Covered in stickers from across the country and suffering a questionable zipper, it looked small and sad parked next to a bicycle with two flat tires. I was anxious about a trip I was going to take. Even as the country began to reopen, I had not ventured out. It all seemed to soon. Life was definitely not back to normal. But this time the trip was not for pleasure. It was to say goodbye. To close a chapter in a book. A beautiful book filled with love and laughter and hundreds of chapters I might spend a lifetime writing about. Bittersweet. A risk. But something I would regret not doing.
And all of those thoughts were swirling around my head, distracting me, as I grabbed the handle of the suitcase and began to pull it toward the door. I noticed a criss-crossing of spiderwebs between the bottom wheels, so I tilted it to one side and grabbed a paper towel and began to clean it off. As I removed the webs, a small spider jumped to the floor and began to run away.
My immediate reaction was fear and without thinking I swiftly took the paper towel and squashed it.
I caught my breath and apologized to the lifeless body as I dropped it into the trash can. And then I couldn’t breathe.

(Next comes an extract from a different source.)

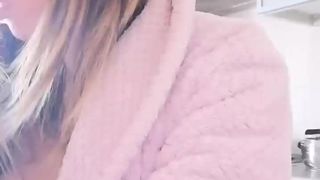 Pocellina81 webcam show 2020-01-17_14-06-53_153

I left the suitcase on the floor and came inside and draped myself across the back of the couch and began to weep. I could hear myself making noises I almost didn’t recognize. I was suddenly very aware of what I had done. It wasn’t as simple as accidentally killing a spider when I was trying to be a more “live and let live” kind of gal. No. This was different.
This spider was running AWAY from me. It was afraid of me. It was harmless. And I was scared. Irrationally. And I instinctively killed it. And all the regret and tears wouldn’t bring it back to life. The metaphor didn’t escape me.
At the same moment I caught my breath, a pang of guilt found its way to the tiniest crack in the hard shell I had so carefully built up around my heart and split it wide open. All the events of the past few months came pouring in. I saw them all, like some flash-back montage from a futuristic movie. And I didn’t fight it.
The weight of the world is heavy, and just as fast as it poured in, it spilled back out. And I sobbed the whole time. I cried until my eyes stung and my face hurt and my lungs burned and my stomach ached. I cried until I was done.
I may never be able to reconcile all that is occurring right now. And I certainly can’t solve all the problems. But I can definitely be more mindful of what is happening in the world. I can try and find daily happiness and still remain present.
I can never bring that spider back, but I can give his life some meaning by paying attention.